Musings on Graph Isomorphism pre-results
I think by now everybody has read that Babai et al will hold a seminar next week where they want to "outline an algorithm that solves the Graph Isomorphism problem [...] in quasipolynomial time".
So they are shooting for a result with the complexity \(2^{O(log(n))^c}\) while the best former result (by Luks, 1983) for Graph Isomorphism was \(2^{O(\sqrt{n*log(n)})}\).
What is Graph Isomorphism? Given two graphs, the question is, whether there is a mapping function \(f\) between the nodes of one graph \(G_1\) to the nodes of the other graph \(G_2\) so that every edge \((a,b) \in G_1\) is also an edge \((f(a),f(b)) \in G_2\).
So why is this quasipolynomial when \(2^x\) is obviously not a polynome? That's where the quasi comes from. If the \(c\) in \(2^{O(log(n))^c}\) is \(1\) then this simplifies to \(2^{O(log(n))}\) which is a polynomial. Remember that the base of both the logarithm and the exponentiation isn't actually \(2\) so this doesn't simplify to \(O(n)\) but some other polynomial (but a polynomial nevertheless). And the \(c\) is just a factor in the formula (like the base the logarithm and the exponentiation) that have no impact on the complexity properties (the general shape of the formula describing the complexity) but can be changed by optimization (opposite to groundbreaking research). So given proper optimization the algorithm we will be presented could be (theoretically) as fast as a polynomial algorithm.
When we talk about "fast" we talk about how the runtime changes (relatively) when the problem size grows larger. A "faster" algorithm has smaller relative growth while it might still be orders of magnitude slower in actual runtime for any practically sized input.
Is this result surprising? Well, yes and no. On the one hand the "witness" (or positive solution to the problem) is only of linear size (one mapping for every node in the graph) and the algorithm for checking would be basically quadratic in complexity (checking the definition given above for all edges and there are only quadratically many). This holds for problems in NP-complete but also for problems in P. I think it is obvious that this answer would not be very hard to find (we surely don't need to check every possible mapping - this would basically be the case for NP-complete) but it isn't obvious that the answer is easy to find either (like for a problem in P).
So what we're probably going to see is a clever application of some result of group theory that is applicable here and excludes a large number of all possible isomorphism as possible solutions. So the problem is still not easy but math can help a lot.
What does it mean? It is not known whether Graph Isomorphism is NP-Complete. This result would be a strong hint, that it isn't (albeit no proof). Even if we found Graph Isomorphism to be in P, this would have no larger impact on the field of complexity theory in general.

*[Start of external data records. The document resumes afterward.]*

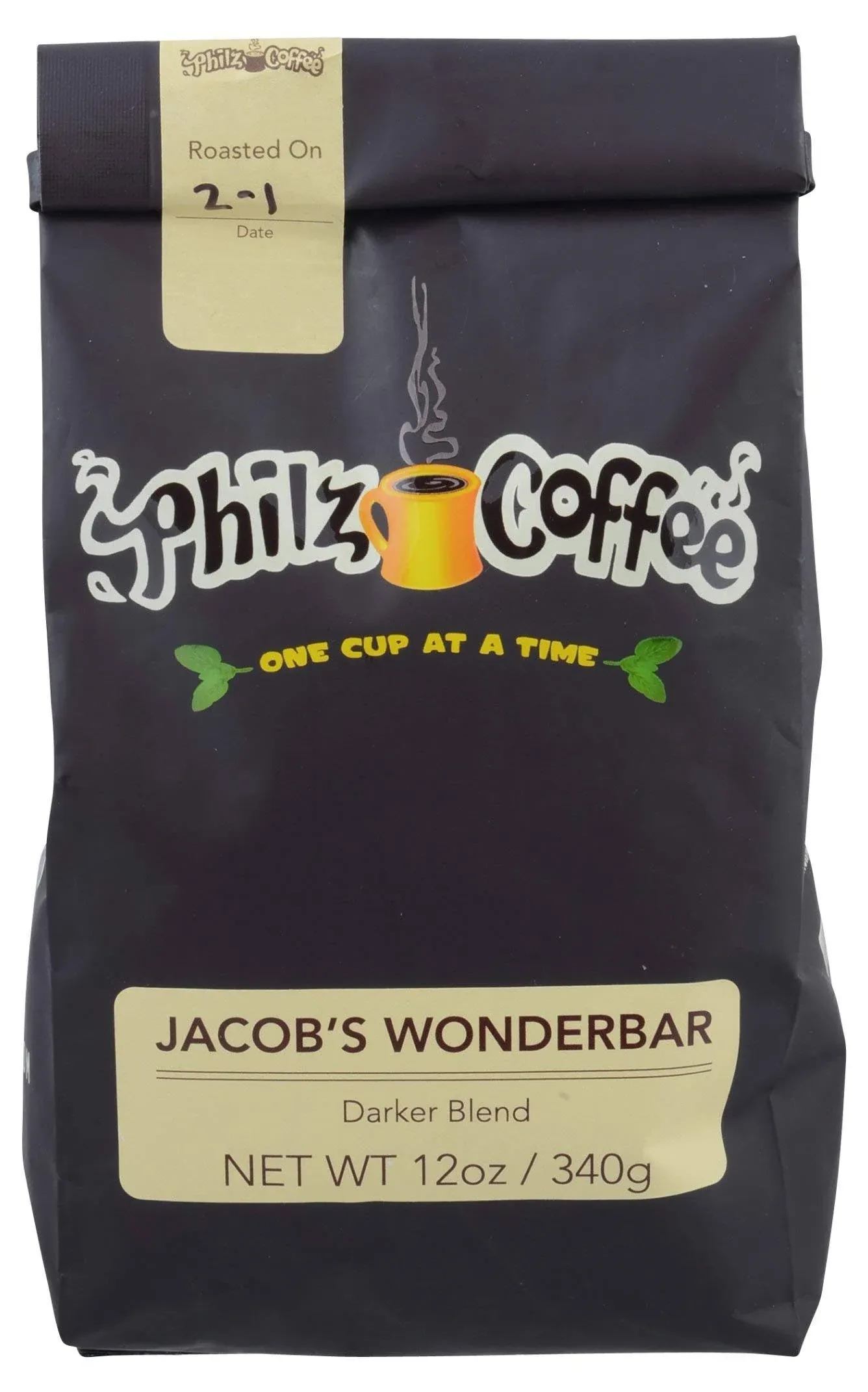 Philz Coffee Jacobs Wonderbar Brew Coffee, 12 oz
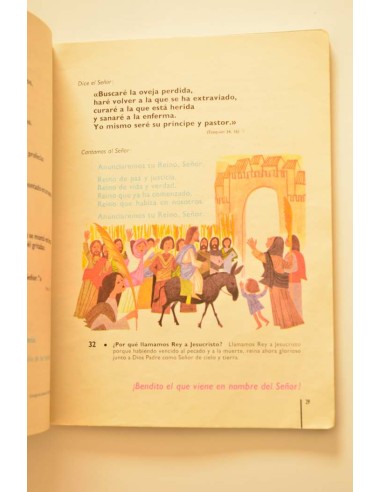 Catecismo escolar. 3º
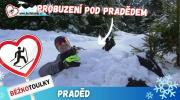 Běžkotoulky v Jeseníkách: Praděd
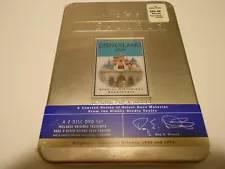 Disneyland Treasures 2 DVD set - In Sealed Tin -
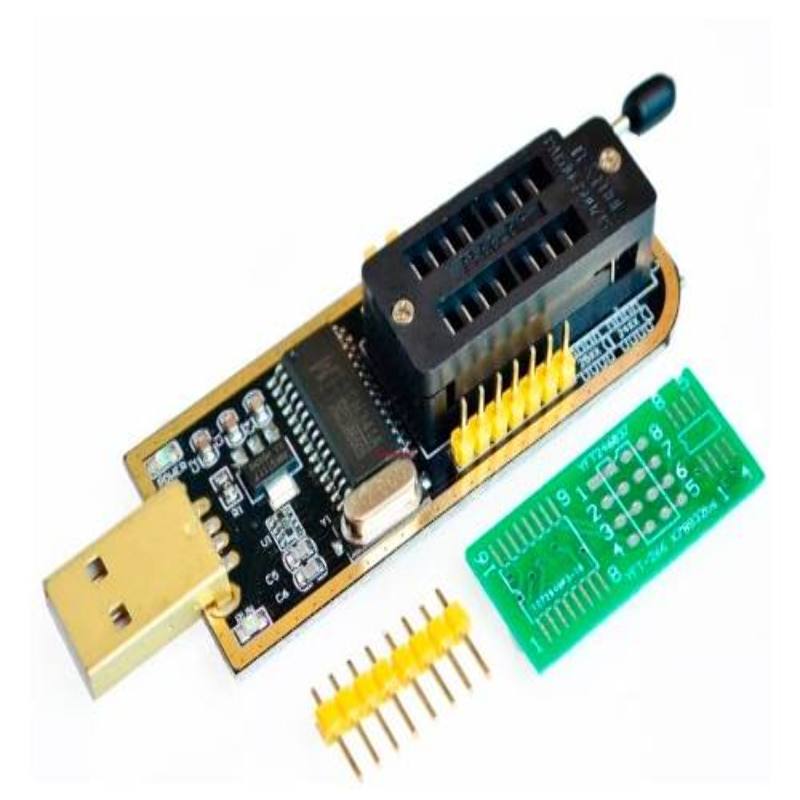 Programador Memoria Eeprom CH341A Series 24/25 Arduino Pic
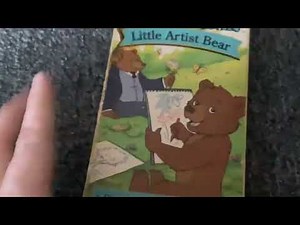 Little Bear: Little Artist Bear 2002 VHS: Review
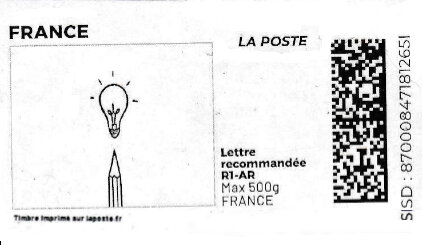 Light bulb 1. Redesign without logo.Courrier Suivi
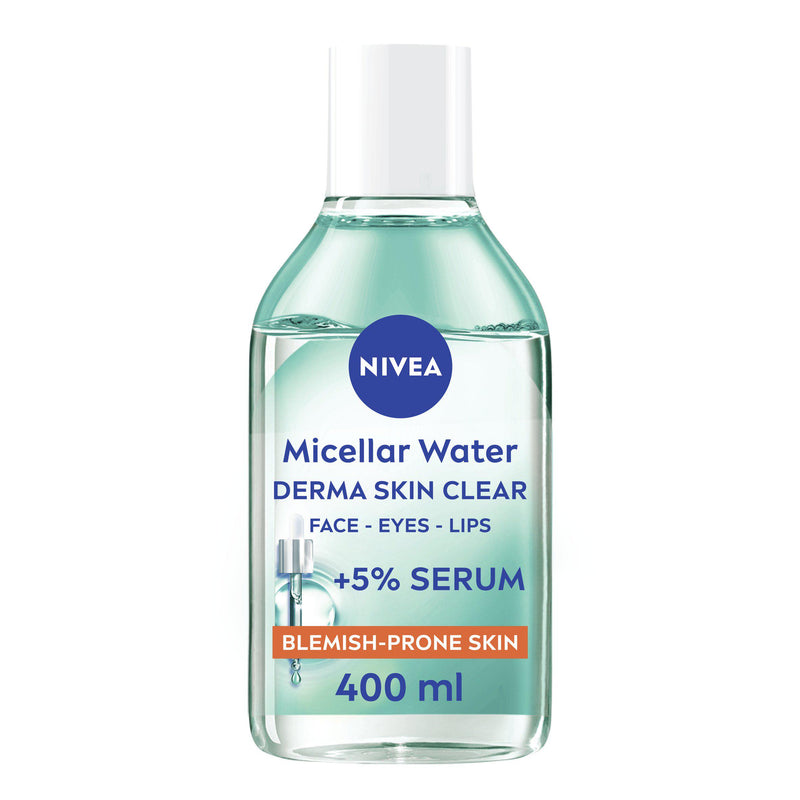 Nivea Serum Micellar Water 400ml, imported from the UK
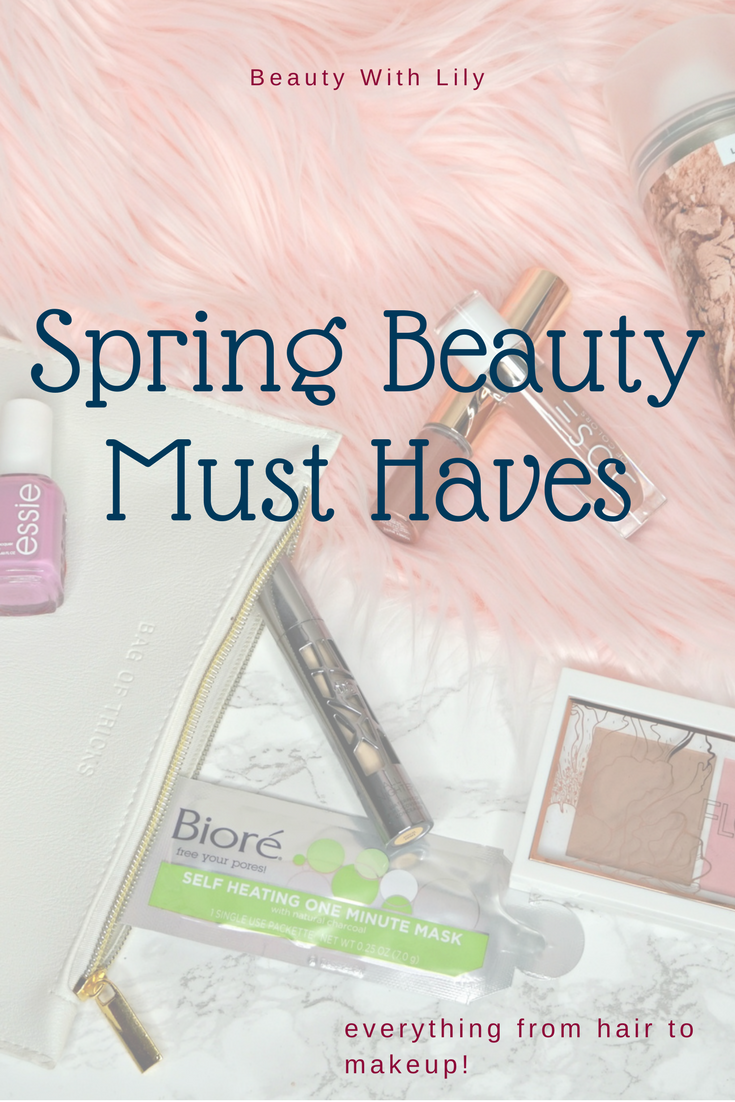 Spring Beauty Must Haves // Spring Makeup // Spring Trends // Best of Spring Makeup | Beauty With Lily #makeupfavorites #beautyblogger #springmakeup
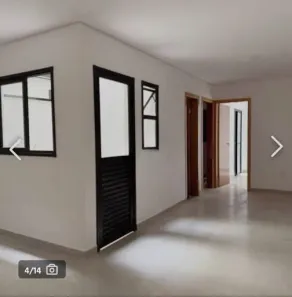 Apartamento com 2 Quartos à venda, 43m² no Jardim do Estádio, Santo André
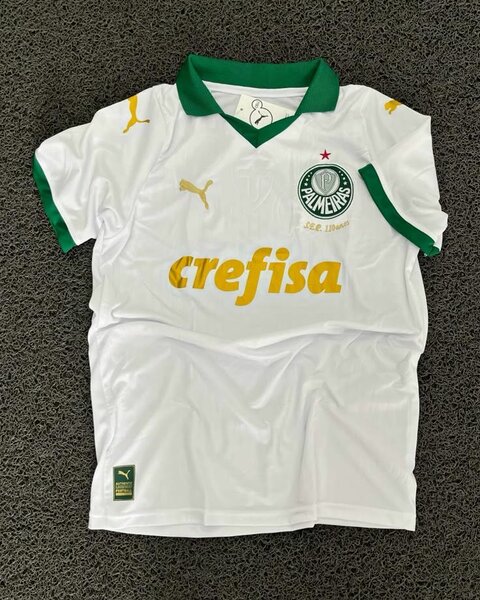 Maillot Football Palmeiras Blanc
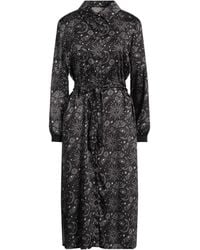 Rinascimento - Midi Dress Viscose - Lyst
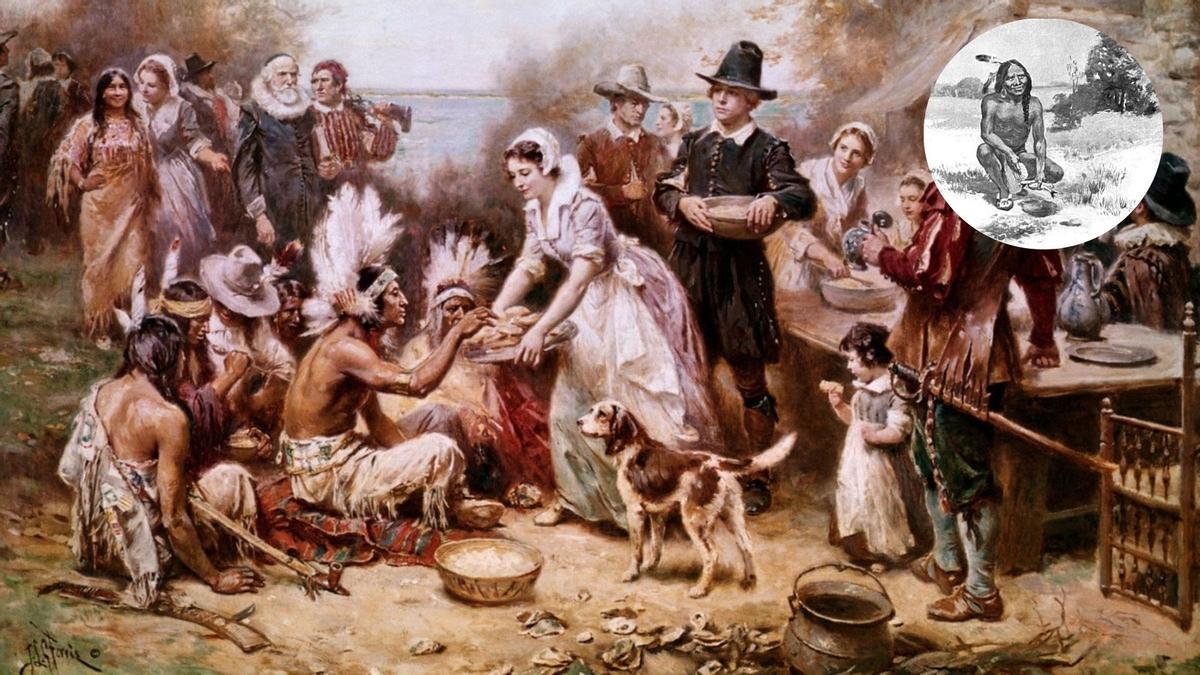 Squanto fue clave en el origen de lo que hoy se conoce como Acción de Gracias.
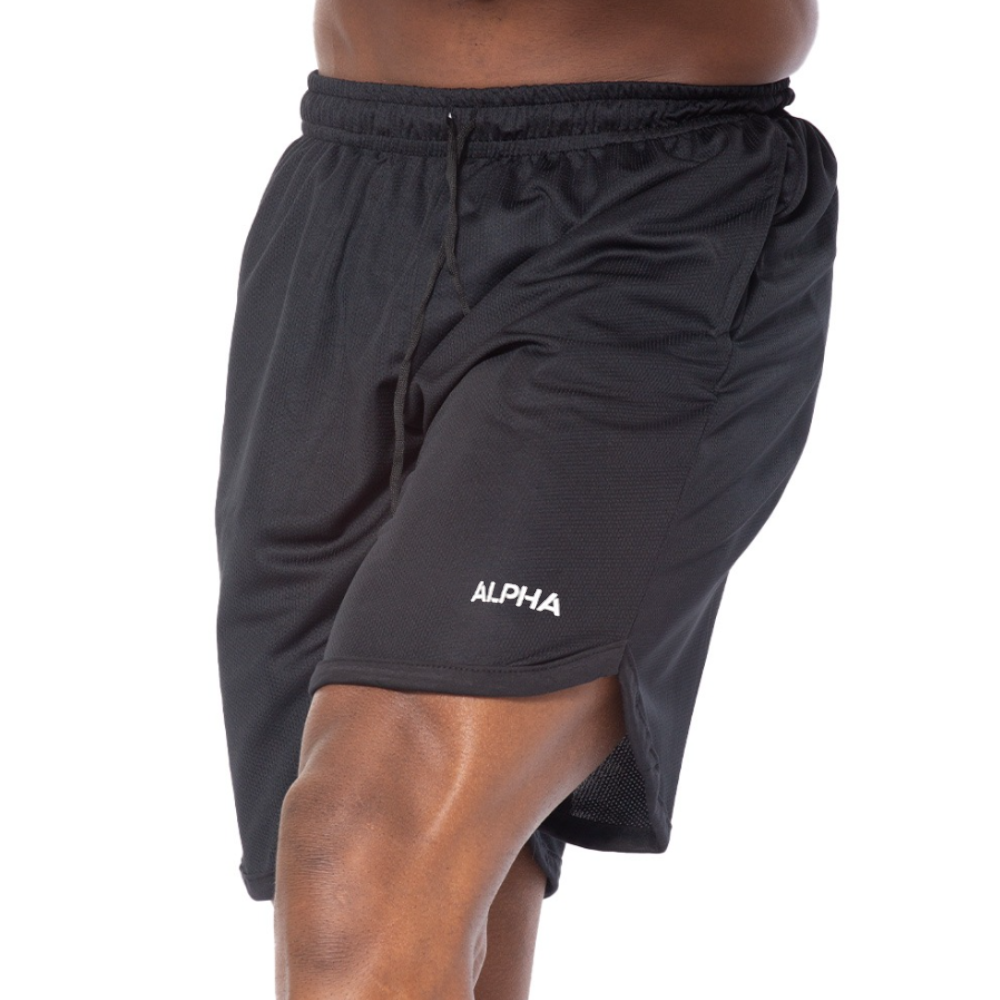 Kit 3 Bermudas Pretas Dry Basic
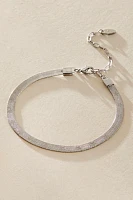 Christy Herringbone Anklet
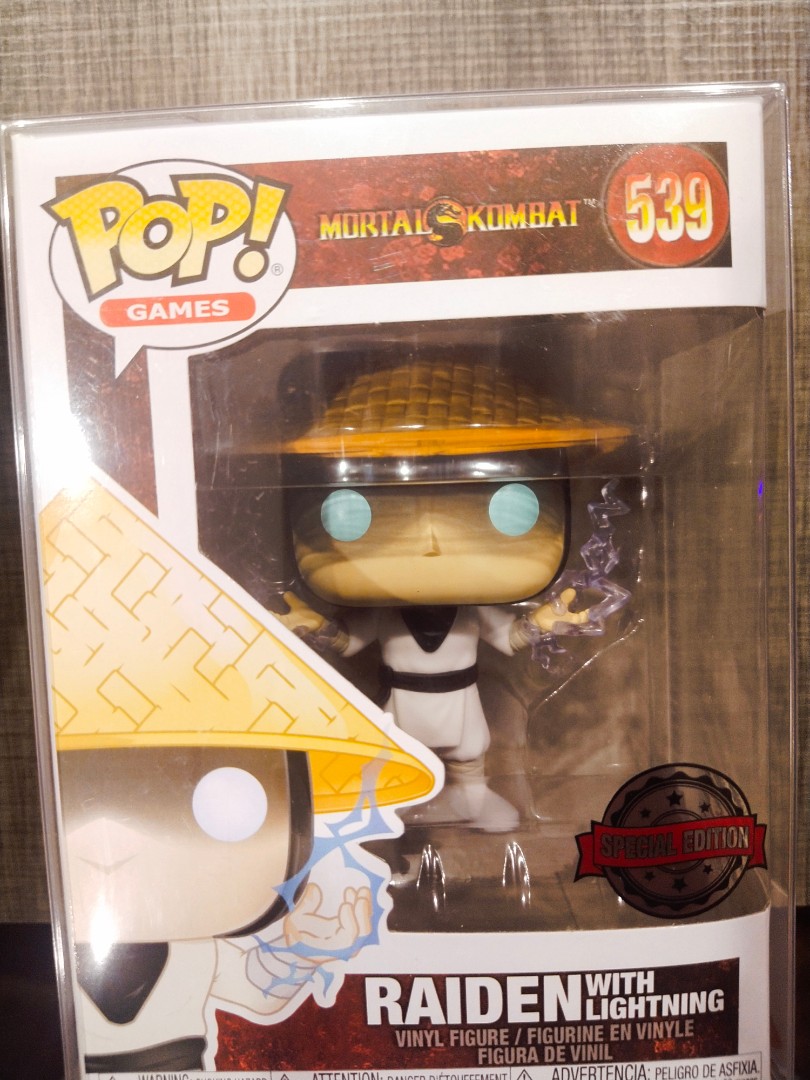 Funko pop raiden hotsell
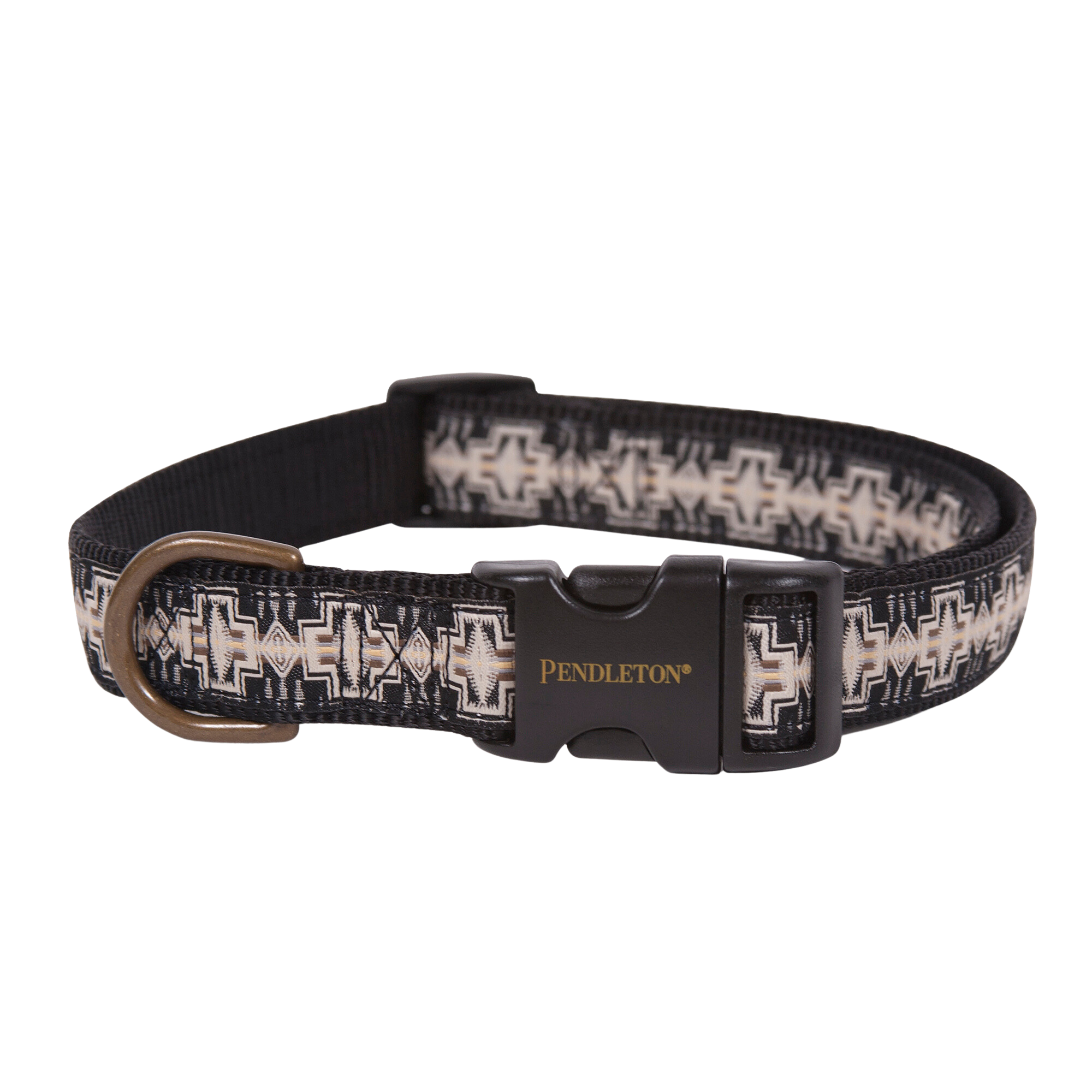 PENDLETON-DOG-COLLAR-LEASH-HARDING-BROWN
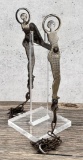 Prison Made Lady Leg Flapper Girl Cowboy Bit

What's the next thing? That would be finding an algorithm properly in P. If such an algorithm exists, we would also find a way to compute a small "witness" (or in this case "proof trail") that is an easily checkable answer to the question "is there no such isomorphism?". How this proof trail would look is even less obvious. There could be some function that, given a graph as input calculates a value and all graphs that have an isomorphism between them have the same value (which would also need to not be exponential in size). In practice it is very difficult to even find hard instances of Graph Isomorphisms. So it might turn out that there are actually only easy cases, we just don't know it yet.
Read more and differently here:
- https://rjlipton.wordpress.com/2015/11/04/a-big-result-on-graph-isomorphism/
- https://www.reddit.com/r/compsci/comments/3ri3fo/earlier_today_i_was_tipped_off_to_what_might_be/
- http://www.scottaaronson.com/blog/?p=2521
If it wasn't obvious, I don't believe that P=NP because I don't believe that NP is closed under complement.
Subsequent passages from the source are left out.